89 % des Français sont conscients de l’importance de la protection des animaux. C’est ce que révèle une enquête Ifop datant de janvier 2019. Ils sont d’ailleurs de plus en plus nombreux à souscrire une assurance animaux dans le pays, témoignant ainsi de leur préoccupation pour ces membres de la famille atypiques.

Ces dernières années, le gouvernement a inscrit parmi ses priorités le combat contre la maltraitance des animaux et le développement du bien-être animal. Le ministre de l’Agriculture et de l’Alimentation, Didier Guillaume, a donc présenté en janvier dernier 15 nouvelles mesures à cet effet. De plus, il a insisté sur la corrélation entre le bien-être de l’éleveur et celui de l’animal.

Fin annoncée de certaines pratiques

À partir de l’année prochaine, le gouvernement souhaite empêcher les éleveurs de castrer les porcelets à vif. Le broyage des poussins mâles sera également bientôt interdit en France.


Par ailleurs, l’Exécutif compte durcir les contrôles pour les transports d’animaux dès ce premier semestre. Outre les services officiels, les vétérinaires privés seront également habilités à réaliser ces opérations. De plus, une transgression de la norme européenne en la matière donnera lieu à des sanctions plus sévères.
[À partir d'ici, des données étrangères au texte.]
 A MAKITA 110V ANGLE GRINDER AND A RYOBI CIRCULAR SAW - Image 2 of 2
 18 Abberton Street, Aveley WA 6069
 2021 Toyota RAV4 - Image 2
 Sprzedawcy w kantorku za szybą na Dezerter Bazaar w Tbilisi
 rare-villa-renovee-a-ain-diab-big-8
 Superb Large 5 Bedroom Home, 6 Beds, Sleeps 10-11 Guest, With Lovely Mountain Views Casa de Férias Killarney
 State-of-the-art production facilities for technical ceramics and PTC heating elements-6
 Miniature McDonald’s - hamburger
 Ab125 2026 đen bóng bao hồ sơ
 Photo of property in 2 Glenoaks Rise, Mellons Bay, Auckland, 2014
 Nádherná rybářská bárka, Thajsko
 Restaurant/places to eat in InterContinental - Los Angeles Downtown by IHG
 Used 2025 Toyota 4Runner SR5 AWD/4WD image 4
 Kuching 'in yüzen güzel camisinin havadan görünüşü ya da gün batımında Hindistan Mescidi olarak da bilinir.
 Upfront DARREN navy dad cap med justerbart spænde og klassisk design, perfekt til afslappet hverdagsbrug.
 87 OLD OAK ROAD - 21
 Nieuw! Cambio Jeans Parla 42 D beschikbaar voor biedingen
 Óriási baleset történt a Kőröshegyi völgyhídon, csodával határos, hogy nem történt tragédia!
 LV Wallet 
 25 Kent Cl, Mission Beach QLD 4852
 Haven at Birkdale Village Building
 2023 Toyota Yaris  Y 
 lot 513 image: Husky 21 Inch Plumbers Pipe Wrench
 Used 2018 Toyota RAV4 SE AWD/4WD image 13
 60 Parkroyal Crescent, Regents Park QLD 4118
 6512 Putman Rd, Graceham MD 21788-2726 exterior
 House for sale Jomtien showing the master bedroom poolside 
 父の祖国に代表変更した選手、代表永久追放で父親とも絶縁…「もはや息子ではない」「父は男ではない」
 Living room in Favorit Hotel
Dès début janvier 2022, un référent en matière de bien-être animal devra en outre être choisi dans le cadre d’élevages de volailles et de porcs. Celui-ci doit avoir suivi une formation obligatoire dans le domaine. En septembre, l’Exécutif prévoit en effet de renforcer la formation portant sur le bien-être animal au niveau de la filière agricole.

Enfin, les aides publiques seront avant tout allouées aux bâtiments dans lesquels les animaux d’élevage se sentent au mieux, exprimant ainsi leur comportement naturel. L’Exécutif cherche par ailleurs à mieux informer les consommateurs sur les modes d’élevage pratiqués dans le secteur en développant un étiquetage spécifique sur le sujet à l’échelle européenne.

Réglementation insuffisante

Lors d’une conférence de presse organisée en janvier dernier, le ministre de l’Agriculture et de l’Alimentation a insisté sur le fait que les animaux de compagnie n’étaient pas des produits de consommation comme les glaces. L’Exécutif envisage ainsi de renforcer les dispositions contre l’abandon d’animaux domestiques, notamment par l’extension de l’identification obligatoire aux chats.


Les défenseurs de la cause animale sont assez sceptiques vis-à-vis de cette action entreprise par le gouvernement. En effet, une des mesures préconisées veut que les propriétaires de félins non identifiés soient passibles d’une amende. Si l’animal ne dispose pas de puce ou de tatouage, il sera pourtant difficile, voire impossible, de retrouver son maître.

Certains défenseurs des animaux font par ailleurs remarquer que l’identification est obligatoire dans l’Hexagone depuis 2012, pour les chiens, les chats et les nouveaux animaux de compagnie. Il serait donc plus approprié d’appliquer la loi en vigueur au lieu de surenchérir avec les sanctions.

Dépassés par les abandons, les refuges et les associations de défense des animaux réclament l’instauration de la stérilisation obligatoire en France. Cette mesure drastique permettrait ainsi de maîtriser la population des chats et chiens errants dans le pays.